Je voulais venir hier causer un peu avec toi, mon cher Papa, mais ma journée s’est envolée si rapidement, quoique je ne sois pas sortie que je n’aie pu mettre mon 1er projet à exécution. J’ai eu d’abord une toute petite visite de tante[1] et d’Émilie[2] puis Louise[3] est venue avec ses 3 enfants[4] et nous nous sommes installées ensemble dans le jardin à travailler ce qui est bien agréable ; je t’assure que je jouis bien de ce petit coin de jardin comme de toute ma maison du reste et par moments il ne me semble pas que je sois à Paris, avec la petite église au bout des jardins on se croirait dans une vieille ville du midi. Les constructions en face de nous avancent malheureusement ; les fondations sont terminées et on commence à placer les échafaudages ; mais nous aurons encore une vue si agréable à gauche et nous nous trouvons tellement bien que nous nous en consolons très facilement.
Jeudi. Décidément, mon cher Papa il est dit que mes lettres n’ont pas de chance ; j’ai été interrompue hier, je ne sais plus pourquoi et il m’a été impossible de retrouver dans toute l’après-midi un pauvre petit instant pour reprendre ma lettre inachevée ; nous avons été tous les 2[5] au Bon Marché chercher une étoffe à draper dans le cabinet de Marcel puis en rentrant nous avons eu l’idée d’employer un morceau de tapis qu’il a rapporté d’Algérie et nous nous sommes lancés dans des combinaisons sans fin pour en tirer le meilleur parti possible.
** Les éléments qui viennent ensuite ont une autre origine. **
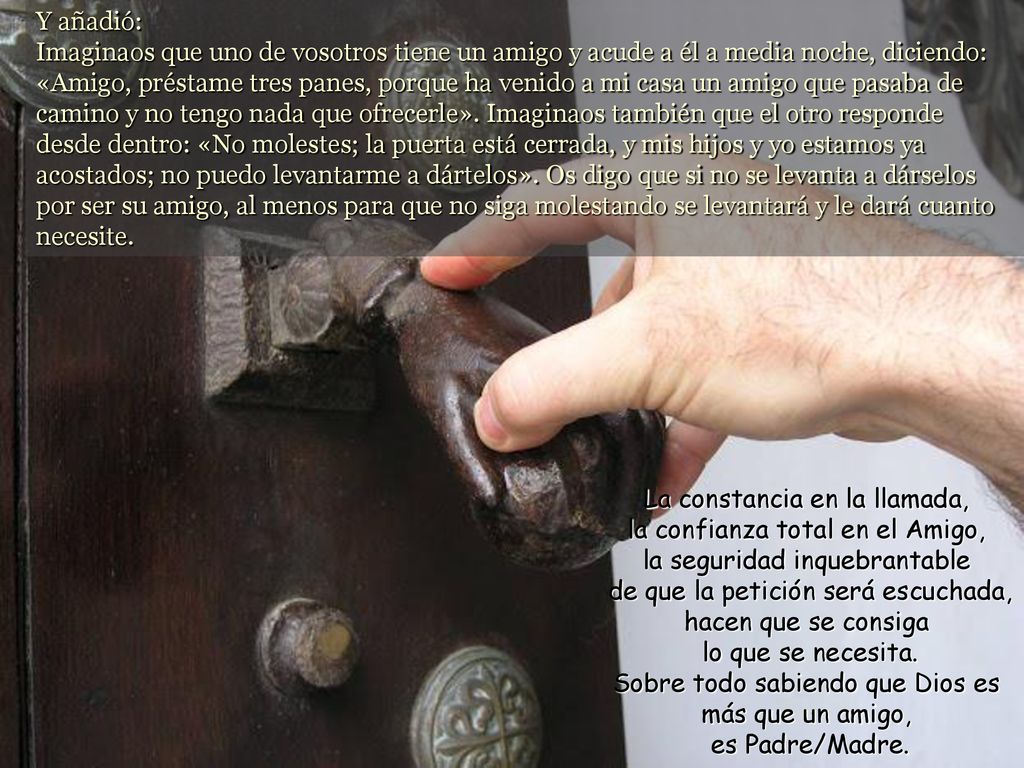 Sobre todo sabiendo que Dios es más que un amigo, es Padre/Madre.
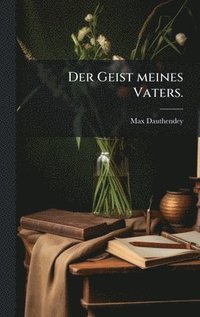 bokomslag Der Geist meines Vaters.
Après le déjeuner nous avons travaillé au jardin, Marcel a enlevé l’herbe des allées où par malheur elle pousse bien plus volontiers que sur la pelouse ; ensuite tante et Émilie sont venues et m’ont aidée à faire de grands rangements ce qui a duré jusqu’à 5h1/2 ; je me suis habillée au galop et nous sommes partis par une pluie battante dîner au Jardin. Aujourd’hui j’ai passé ma matinée à ranger ma chambre & mille petits riens qui vous prennent beaucoup de temps ; après le déjeuner nous avons taillé les fameuses draperies, j’ai reçu la blanchisseuse, rangé le linge, bref il est 4h j’ai encore beaucoup à faire et je me suis promis d’être à 5h chez ma belle-mère[6] où je n’ai pas été depuis longtemps et où Marcel doit venir me reprendre en rentrant de la Cour. C’est probablement la dernière fois que je t’écris, mon cher Papa ; quel bonheur de te revoir bientôt ! Nous attendons avec impatience une lettre de toi nous fixant exactement le jour de ton arrivée. Oh ! que je me réjouis donc de te recevoir chez moi ! c’est toujours la même rengaine mais c’est que c’est la vérité.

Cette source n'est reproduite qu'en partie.